Gli Usa hanno lanciato l’operazione Warp speed, un riferimento alla serie tv Star Trek, per arrivare primi a ogni costo. «L’azione degli 007 in questo senso si muove su più direttive» dice Calder Walton, guru del Belfer Center in materia di storia dell’intelligence, geostrategia e relazioni internazionali.

In patria è schierato il National Center for Medical Intelligence (NCMI), con sede a Fort Detrick nel Maryland, che fa parte della difesa nazionale: epidemiologi, virologi e altri esperti che raccolgono da tutto il mondo informazioni sul virus e sui vaccini. La prima linea «è lo spionaggio. Con la pandemia i servizi segreti americani si sono specializzati nello scovare informazioni sui segreti dei paesi stranieri riguardanti il virus» sostiene Walton.

Ufficialmente i servizi statunitensi sostengono di non essere coinvolti in operazioni offensive contro la Cina e la Russia sulle ricerche relative ai vaccini. Però si «difendono» e nella guerra cibernetica o sulla raccolta di informazioni potrebbero danneggiare o rallentare il «nemico».

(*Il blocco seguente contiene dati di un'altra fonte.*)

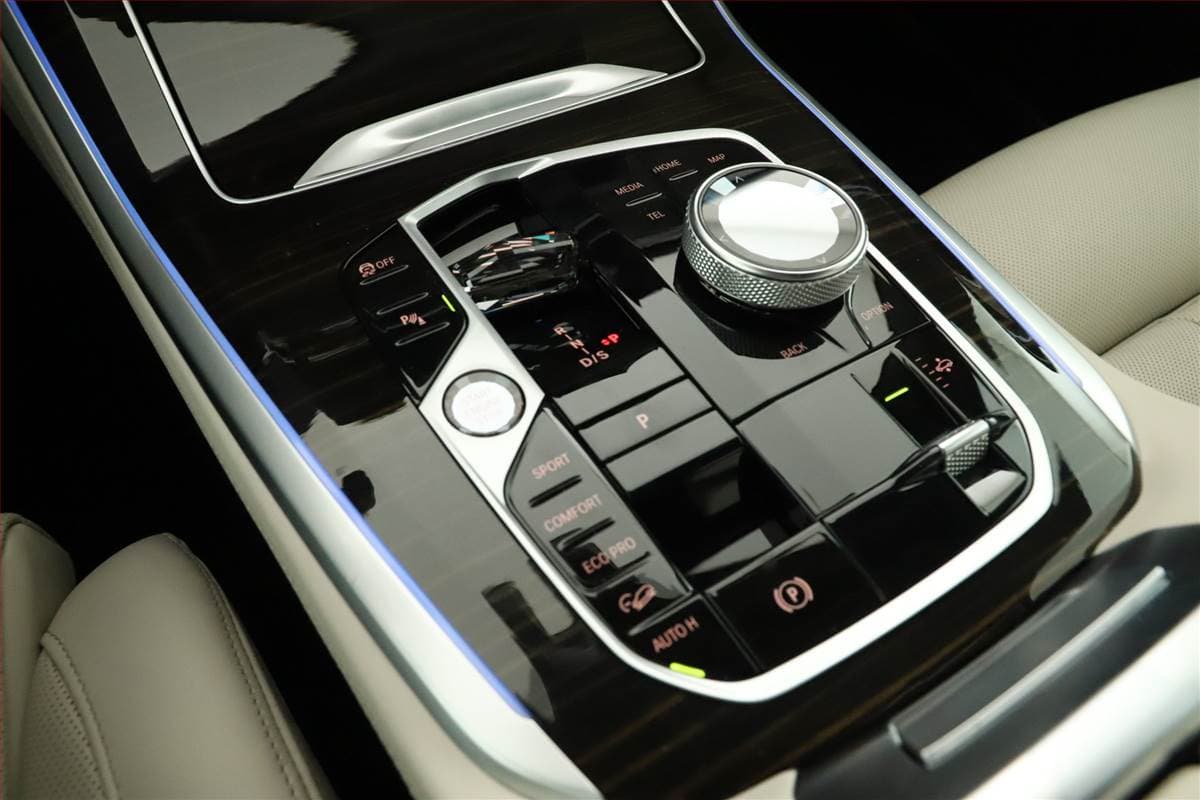 2024 BMW X5 - 10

«Le potenze si spiano come e più di prima perché oggi più di ieri chi “conosce” domina gli altri. La maggiore risorsa sono le informazioni, cioè i dati, che noi dobbiamo proteggere se vogliamo tutelare le nostre libertà. Anche nella corsa al vaccino» osserva il senatore Adolfo Urso di Fratelli d’Italia.

Anche i più piccoli spiano

In maggio spie informatiche iraniane hanno tentato di violare la banca dati clinici della statunitense Gilead Sciences, produttore di un farmaco che potrebbe migliorare le possibilità di sopravvivenza dei pazienti gravi infetti dal Covid-19. Israele, attualmente al suo secondo lockdown, ha adottato un programma di sorveglianza digitale con tecnologia di localizzazione militare del telefono utilizzata dall’antiterrorismo, per mappare il contagio e allertare le persone che potrebbero venire a contatto con il virus. La Nato ha allargato l’intelligence dai «bersagli» militari ai tentativi russi di ottenere informazioni sui vaccini occidentali. E si sta preparando a contrastare un’altra ondata di disinformazione, che punterebbe a manipolare i movimenti no-vax in Europa. In maggio è diventato virale sui social media il documentario Plandemic con le più surreali teorie complottiste sul coronavirus.

Qualcosa del genere sui vaccini occidentali sarebbe devastante e potrebbe fare fallire l’obiettivo dell’immunità. «È in atto uno scontro visibile e un altro, molto più segreto, che ci sfugge, ma dove si combatte la guerra più feroce per ottenere informazioni preziose sulla corsa al vaccino» conclude Latino. «Spionaggio industriale all’ennesima potenza con un risvolto pratico immediato, come la corsa allo spazio per arrivare sulla Luna. Ed è una guerra di tutti contro tutti».